● Problem:
Starting at the line that contains "Homes for sale", reproduce only the lines through the end of the data, exactly, including both the first and the last; skip the pictures.
══════════════════════════════
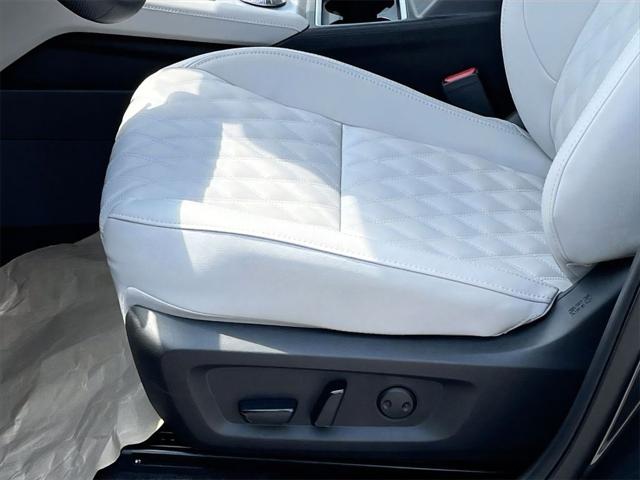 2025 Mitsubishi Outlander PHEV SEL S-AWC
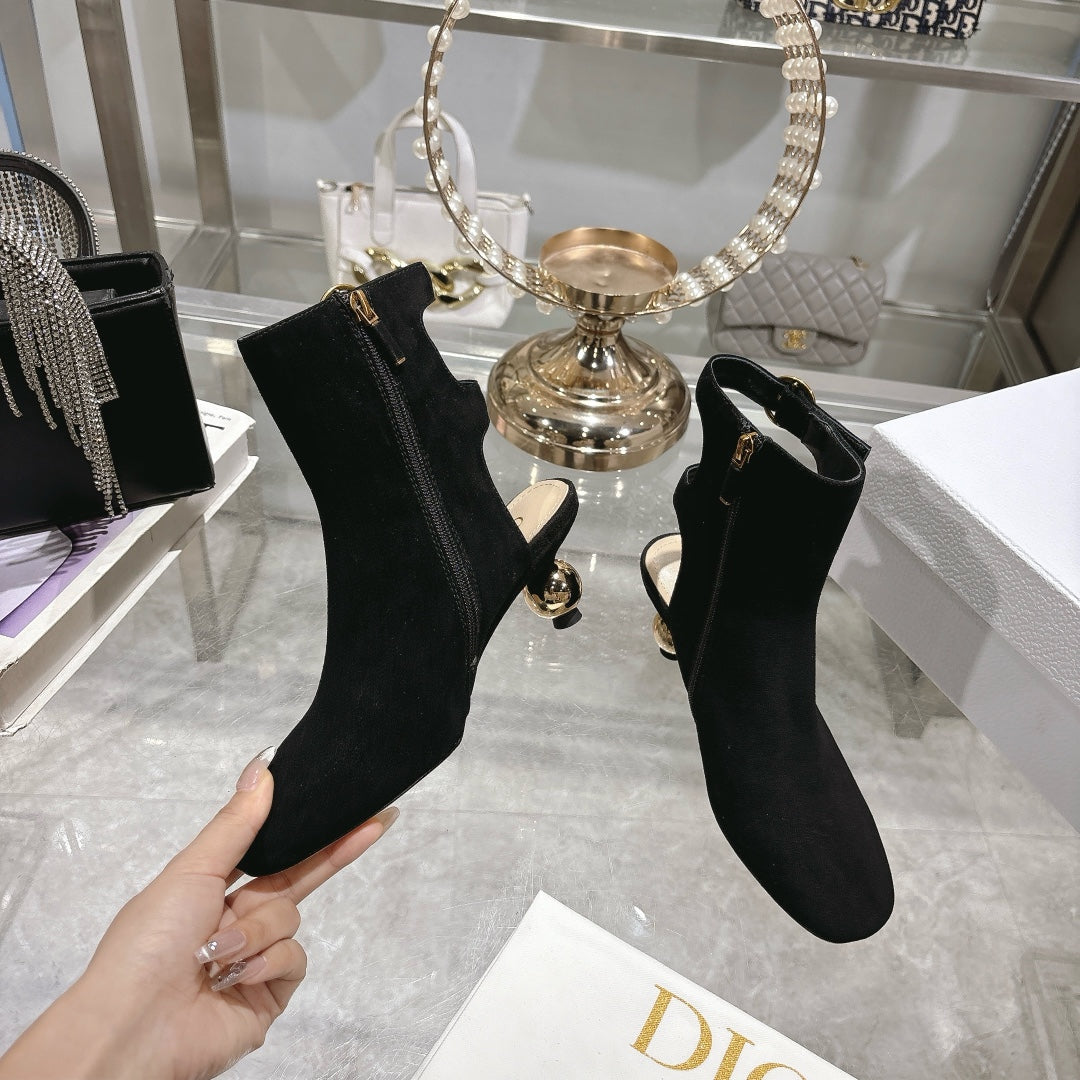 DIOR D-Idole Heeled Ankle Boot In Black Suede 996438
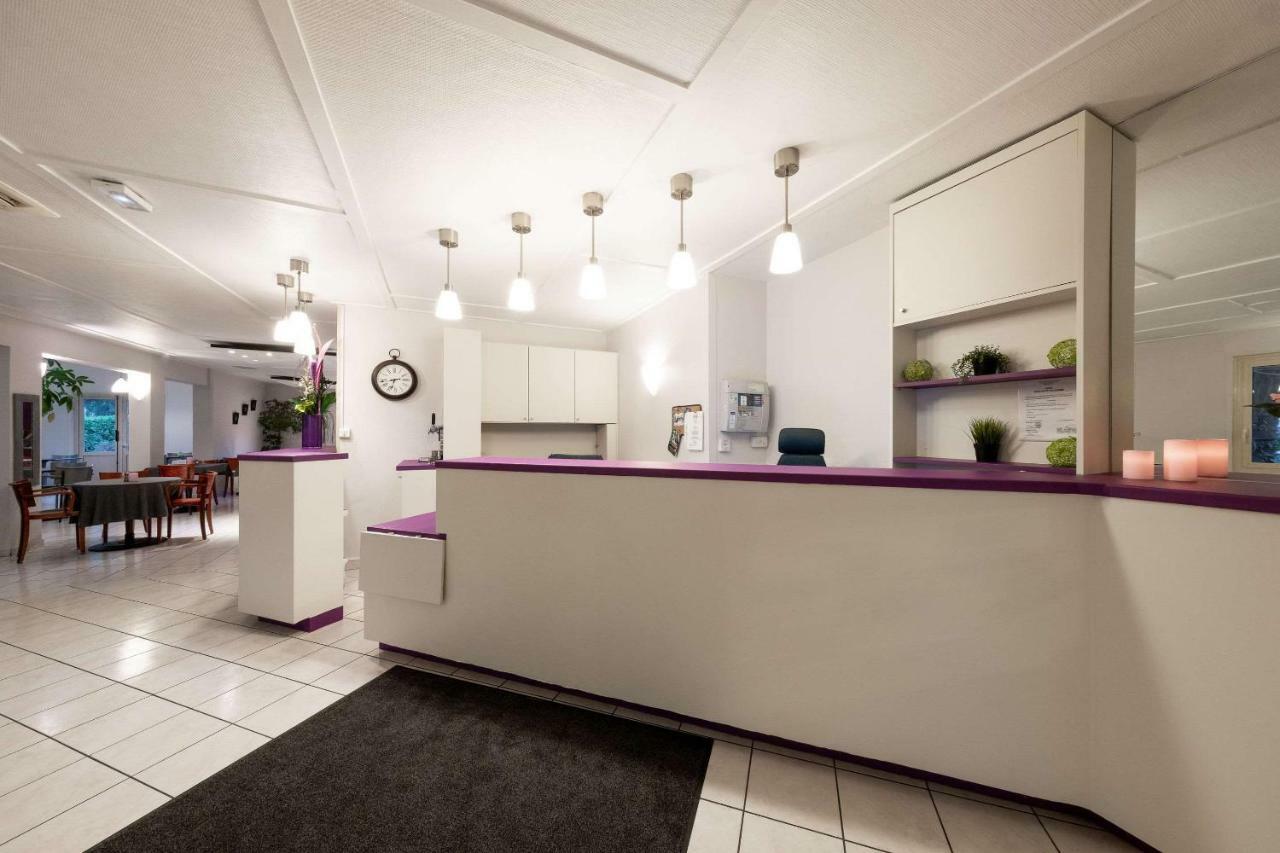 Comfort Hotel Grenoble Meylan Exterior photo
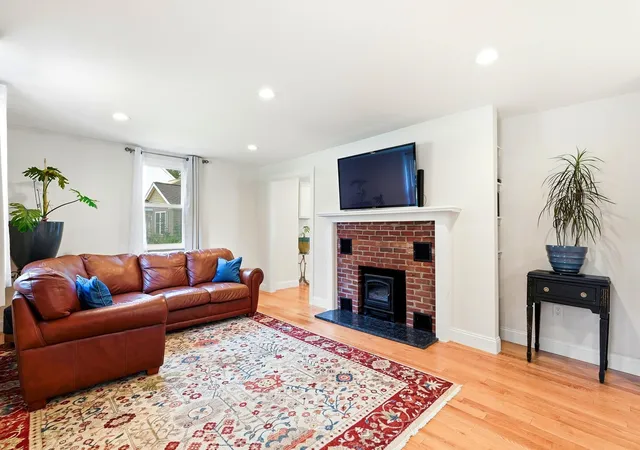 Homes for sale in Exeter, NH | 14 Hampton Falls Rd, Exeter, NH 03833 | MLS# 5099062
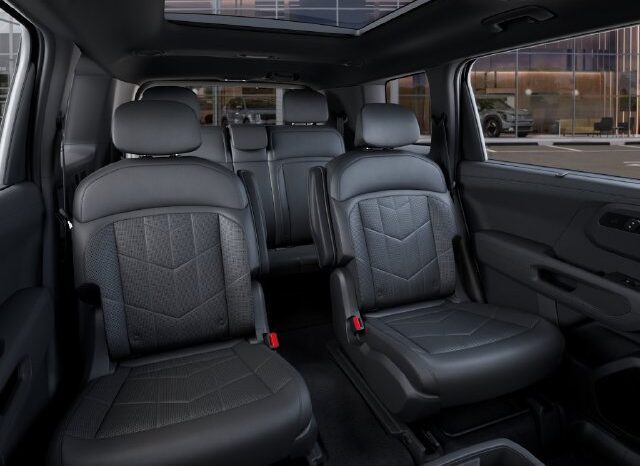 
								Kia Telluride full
══════════════════════════════
● Answer to the exercise:
 Homes for sale in Exeter, NH | 14 Hampton Falls Rd, Exeter, NH 03833 | MLS# 5099062
								Kia Telluride full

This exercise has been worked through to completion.